[Work required] From the line containing "Pakistani Style Cotton" through the last line of the entries below, print each line exactly. Pictures stay out.

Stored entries
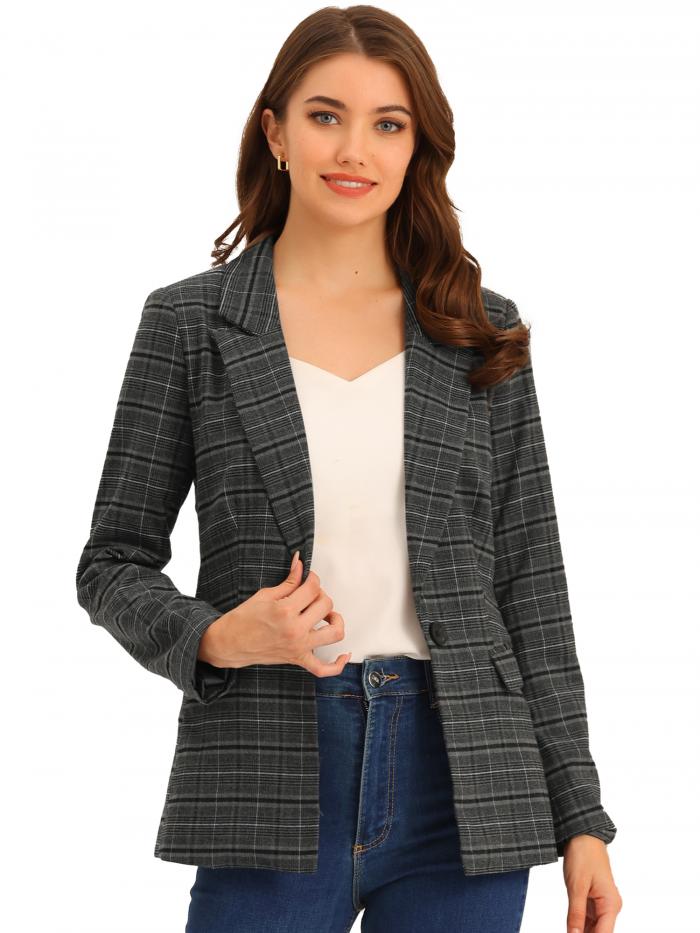 Allegra K ジャケット ブレザー 長袖 千鳥格子 ワンボタン ノッチドラペル レディース グレーブラック XS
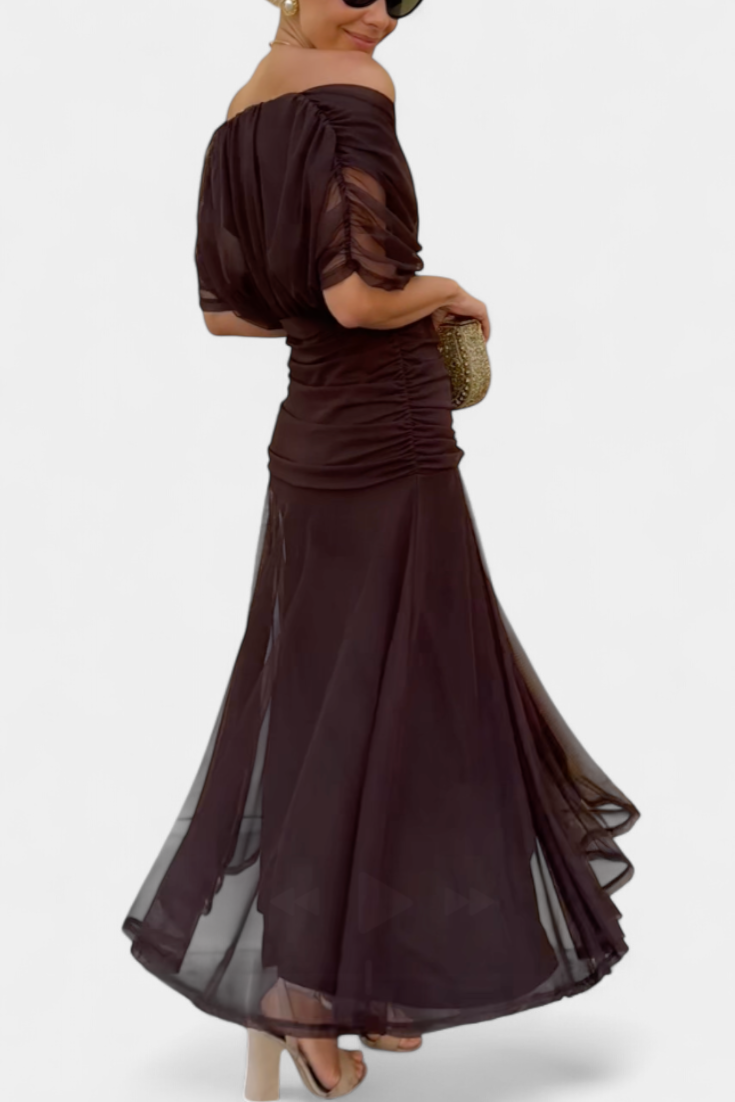 Sarah off shoulder chiffon midi dress - side view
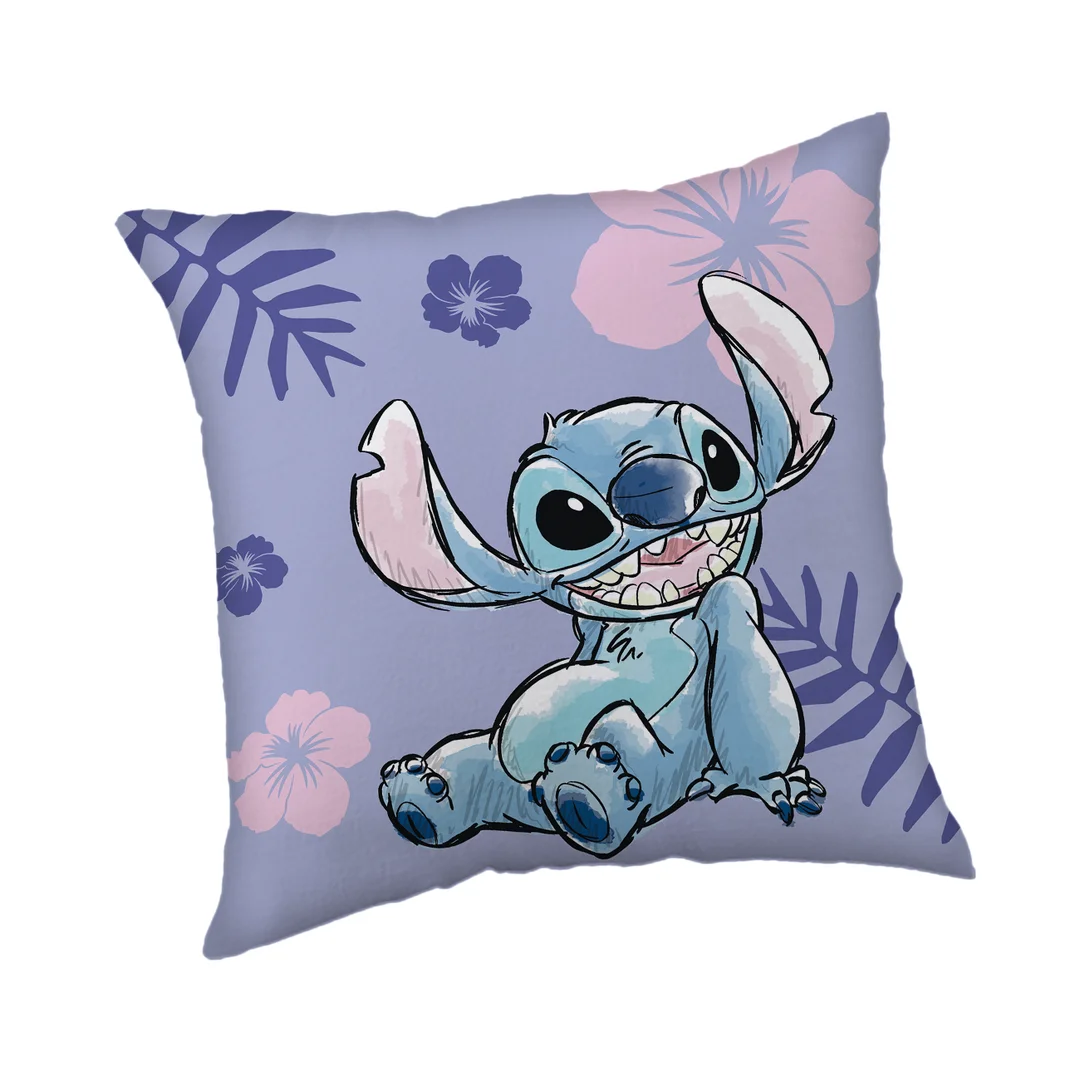 Poduszka dziecięca 40x40 Lilo and Stitch fioletowa JF24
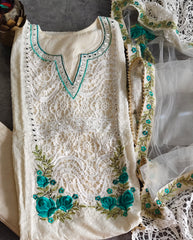 Pakistani Style Cotton Suit Set with Crochet Lace Semi Stitched Suit
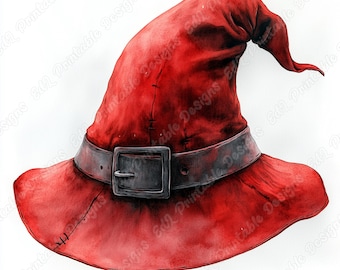 Clipart z kapeluszem czarownicy w akwarelach, zestaw upiornych projektów scrapbooków na Halloween (do pobrania w wersji cyfrowej)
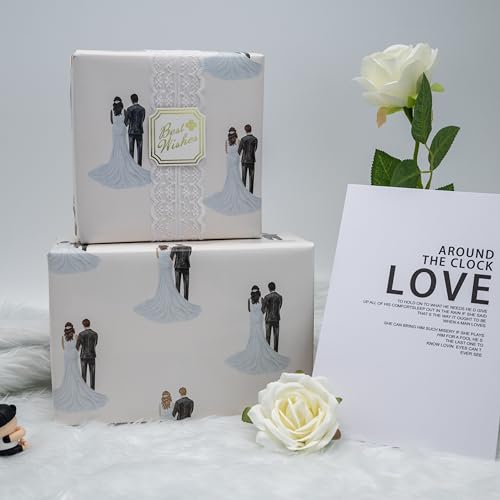 Wedding Gift Wrapping Paper - White Newlyweds Design (6 Sheets)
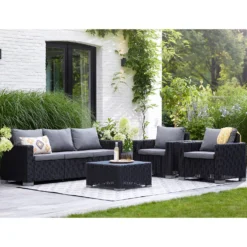 Keter California 5 Seater Outdoor Garden Furniture Sofa And Lounge Set - Graphite With Grey Cushions -Garden & Outdoor Store 14539594 7255041802432301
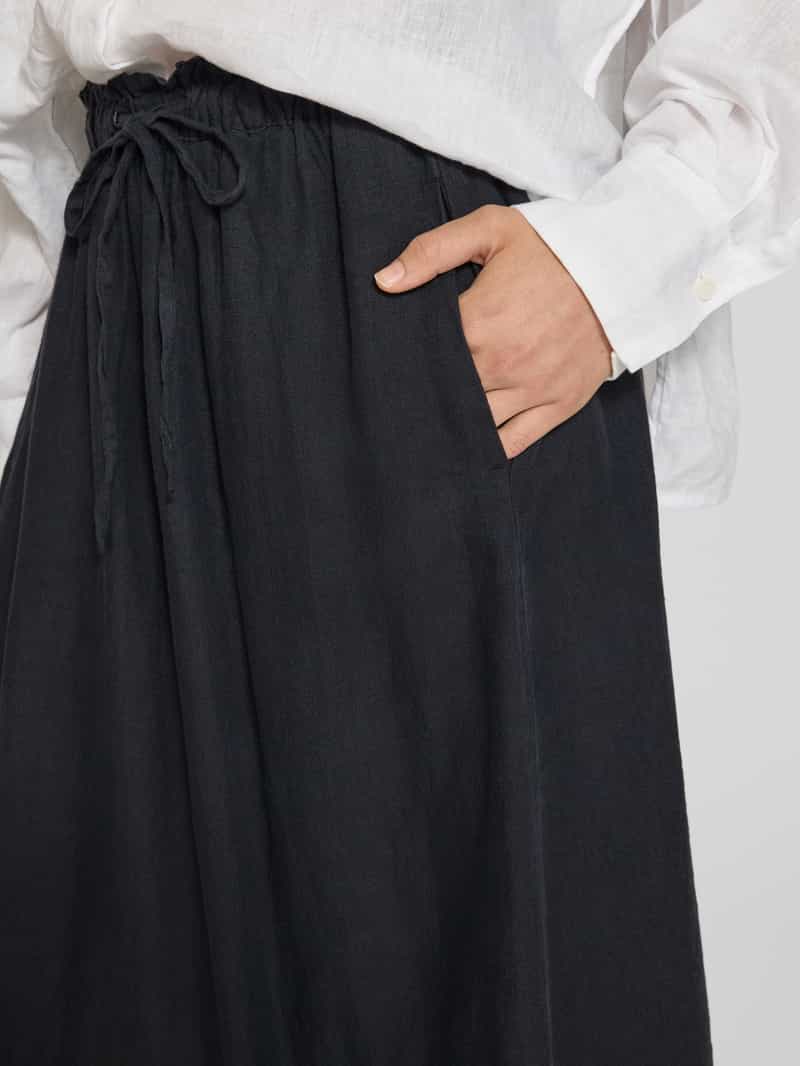 Selected Femme Uitlopende midirok van puur linnen model 'INNA'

[The completed task]
 Pakistani Style Cotton Suit Set with Crochet Lace Semi Stitched Suit
 Clipart z kapeluszem czarownicy w akwarelach, zestaw upiornych projektów scrapbooków na Halloween (do pobrania w wersji cyfrowej)
 Wedding Gift Wrapping Paper - White Newlyweds Design (6 Sheets)
 Keter California 5 Seater Outdoor Garden Furniture Sofa And Lounge Set - Graphite With Grey Cushions -Garden & Outdoor Store 14539594 7255041802432301
 Selected Femme Uitlopende midirok van puur linnen model 'INNA'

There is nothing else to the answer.